▶ _Activity_: Transcription, pictures excluded: write out the data below exactly.

▶ _Data section_:
------------------------

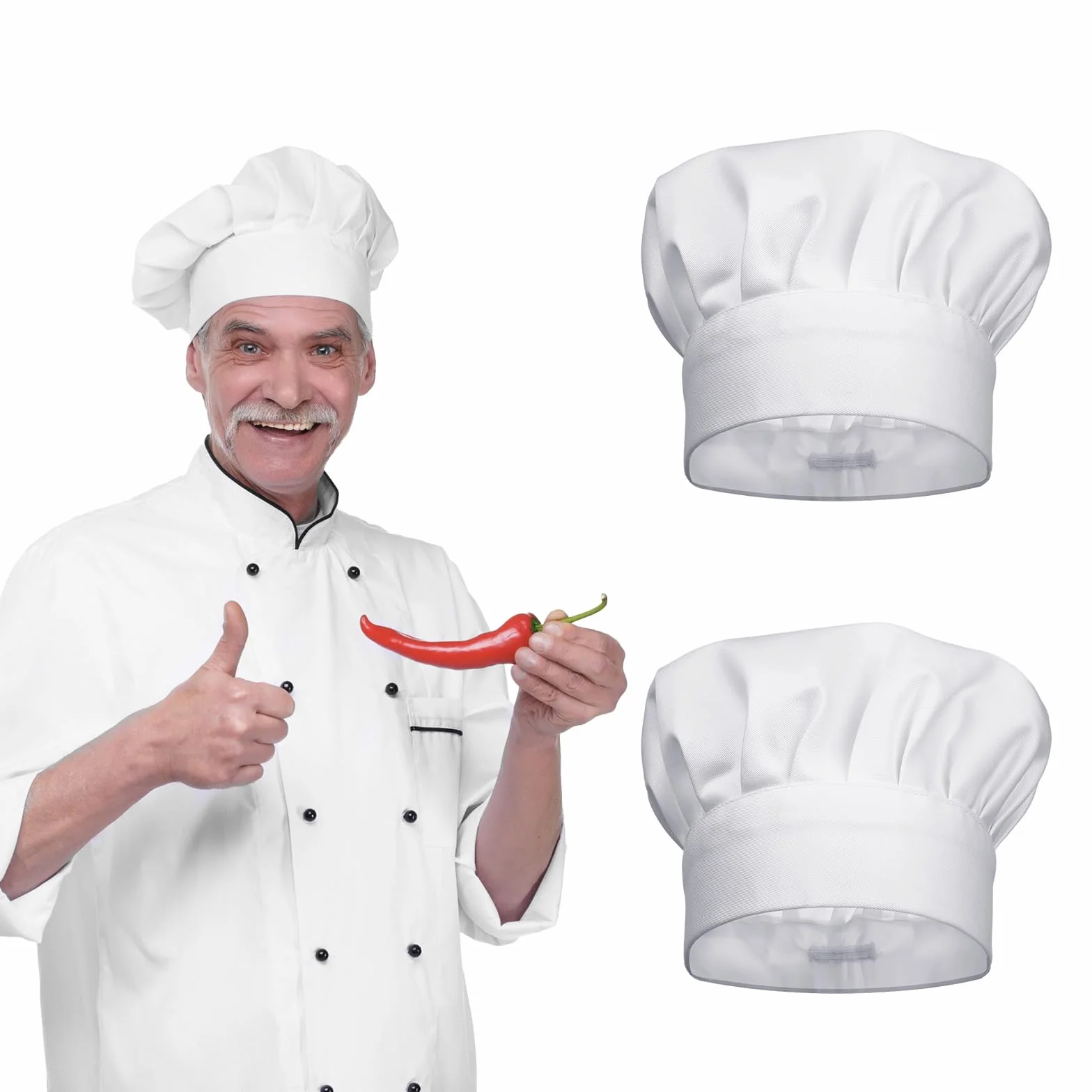 Czapka kucharska, biała, 2 sztuki, męska czapka kucharska, czapka kucharska, dla kobiet i dorosłych, uniseks, regulowana czapka kucharska, bawełniana czapka kucharska, profesjonalna czapka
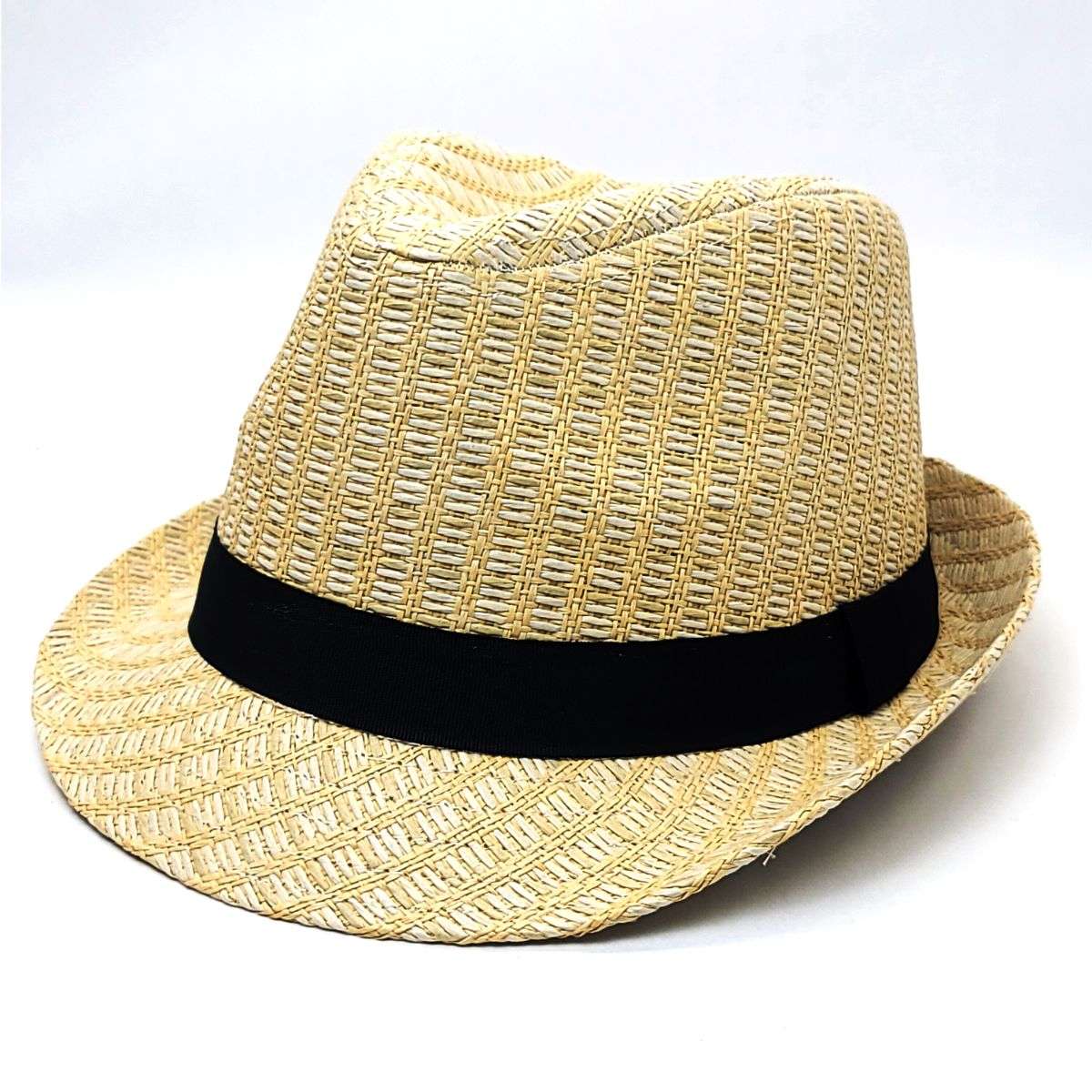 Fedora Hat FD140- 100% Straw, Natural, S/M & L/XL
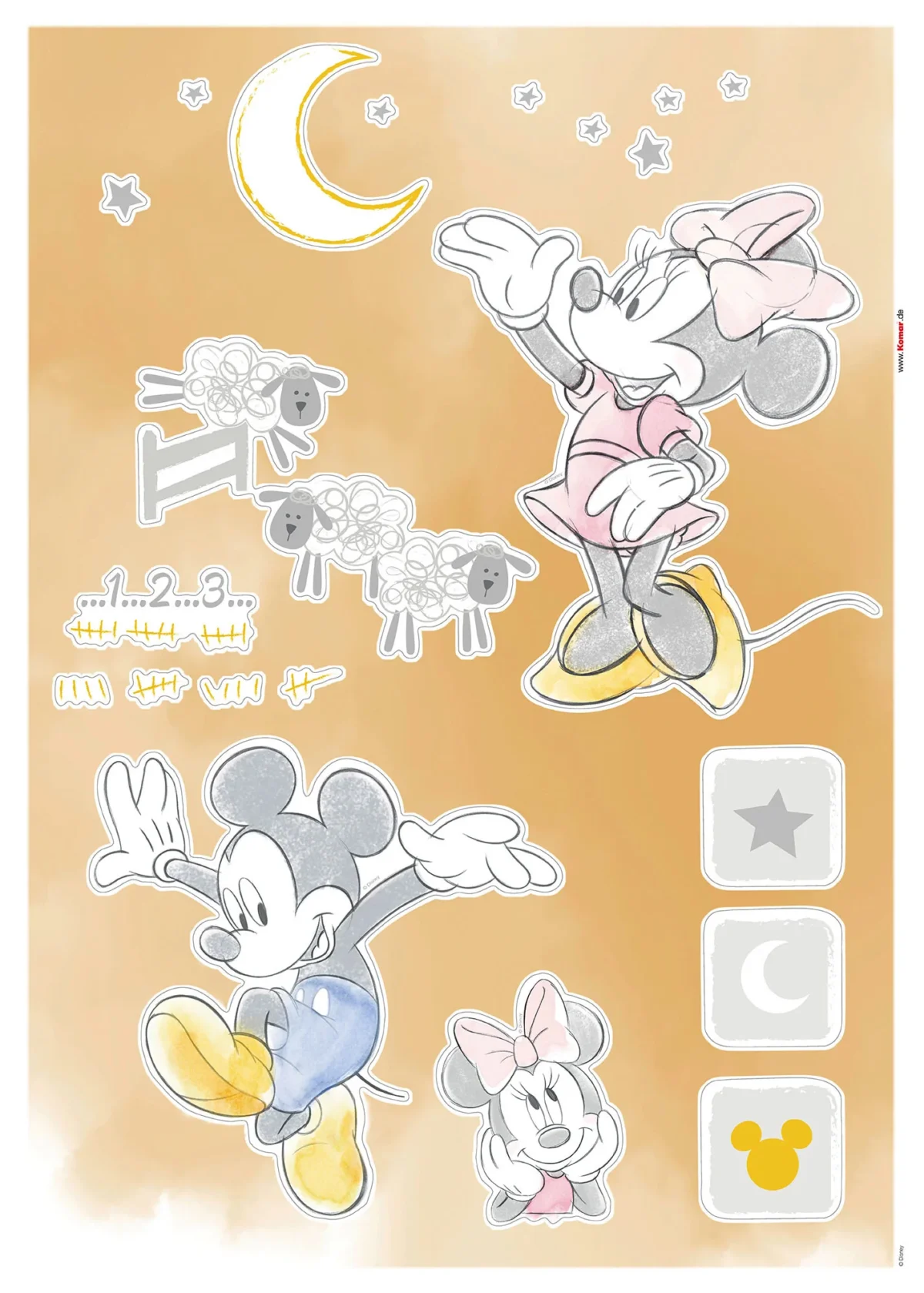 Mickey Counting Sheeps Stiker papir - Image 2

------------------------

▶ _Exercise answer_:
 Czapka kucharska, biała, 2 sztuki, męska czapka kucharska, czapka kucharska, dla kobiet i dorosłych, uniseks, regulowana czapka kucharska, bawełniana czapka kucharska, profesjonalna czapka
 Fedora Hat FD140- 100% Straw, Natural, S/M & L/XL
 Mickey Counting Sheeps Stiker papir - Image 2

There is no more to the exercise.